Jensen himself does not think there is a need for affective computing. And he doesn't see much chance in the technology leading to people perceiving computers as more human-like. "I doubt whether today's children will perceive the computer as a person when they grow up," he said.
Jensen's algorithm is also currently considered the most powerful for use in probability calculations in Bayesian networks, which are used for making auto-mated reasoning in areas where there is uncertainty because knowledge is incomplete.

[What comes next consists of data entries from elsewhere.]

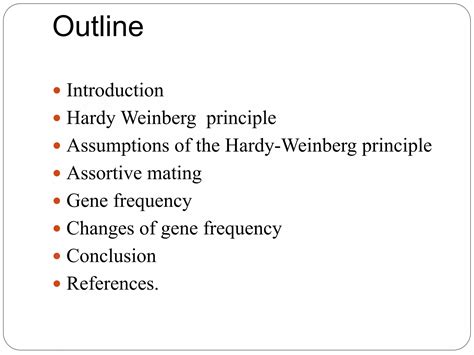 ASSORTIVE MATING AND GENE FREQUENCY CHANGES (POPULATION GENETICS) | PPTX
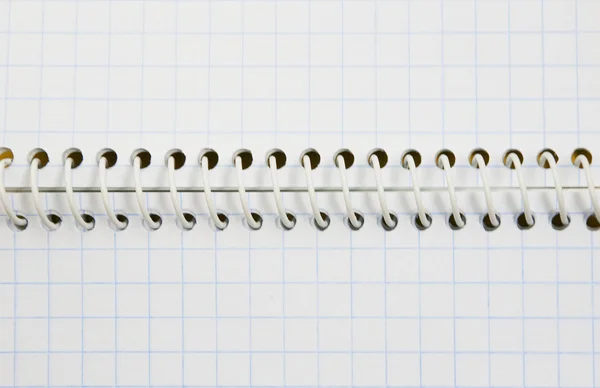 Aufgeschlagenes Notizbuch, isoliert auf weißem Rücken — Stockfoto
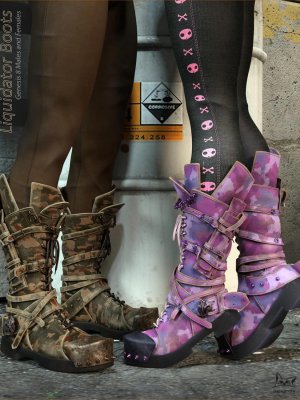 Liquidator Boots for Genesis 8-创世纪8号的清算人靴子
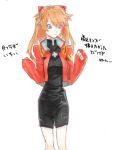  1girl blue_eyes cosplay hair_ornament katsuragi_misato katsuragi_misato_(cosplay) long_hair neon_genesis_evangelion nulco orange_hair solo souryuu_asuka_langley 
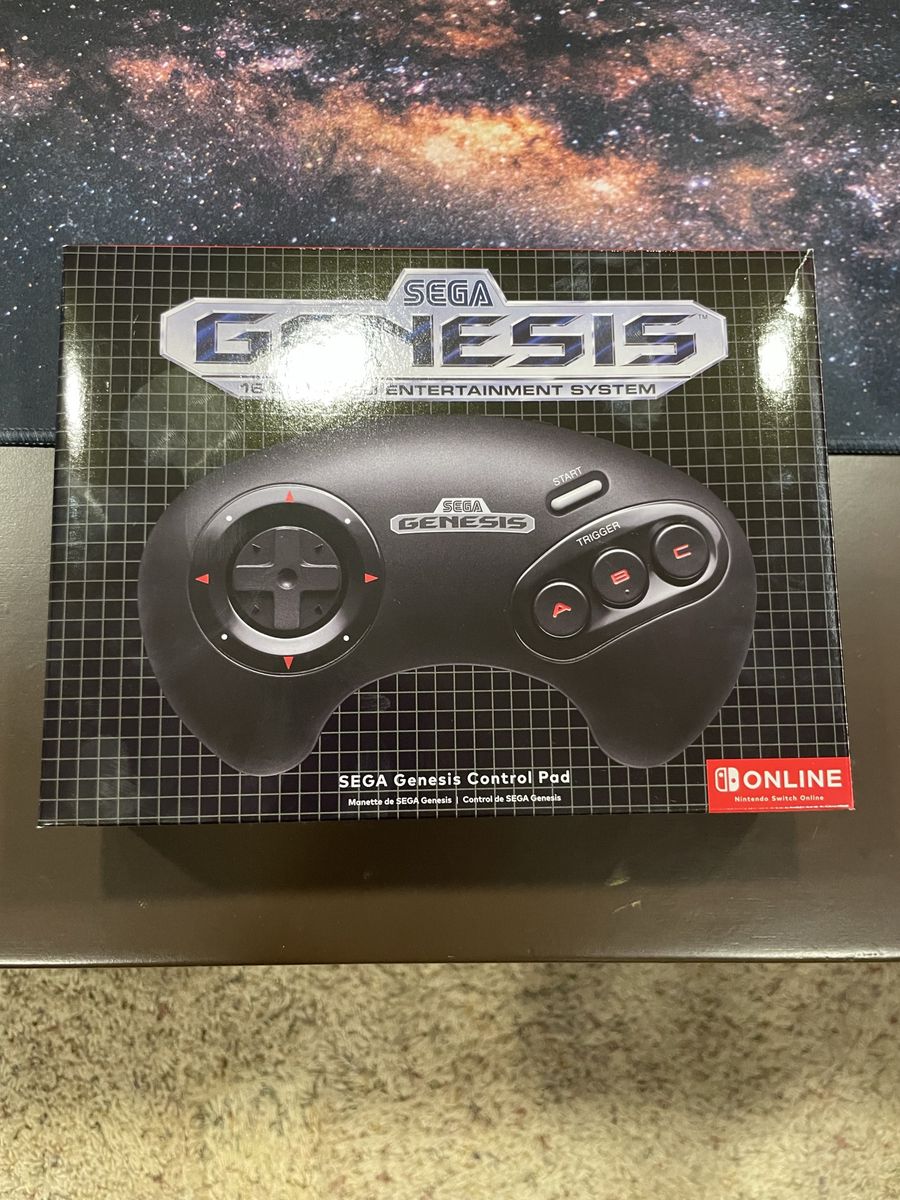 SEGA Genesis Control Pad for Nintendo Switch Online - New, Wireless Controller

Although Judea Pearl, a professor at the University of Los Angeles, is considered the father of Bayesian networks, they are named after the Reverend Thomas Bayes. Bayes, born in London in 1761, first established a mathematical basis for probability inference, which is a means of calculating the probability that an event will occur in future trials based on the number of times it has not occurred in past trials.
Jensen's algorithm is used in several other research areas at Microsoft, and Hewlett-Packard has recently established a research lab in Aalborg focused on predicting technical problems by using Bayesian networks.
Other uses of the technology, though, have Jensen worried. The military uses Bayesian networks as a so-called "scene interpreter", for example in making decisions about taking aggressive actions in particular situations. The technology is used to guide officers by asking questions like: is this object a tank? If yes, are there signs of a hostile intent? If yes, should we fire at the tank just as a precaution?
The technology is used in space vehicles, tanks and submarines that do not have humans on board, according to Jensen.
"In the long run, such unmanned crafts, provided with computer-based scene interpreters, will be sent to war in order for us to avoid loss of lives," Jensen said. "That I find scary."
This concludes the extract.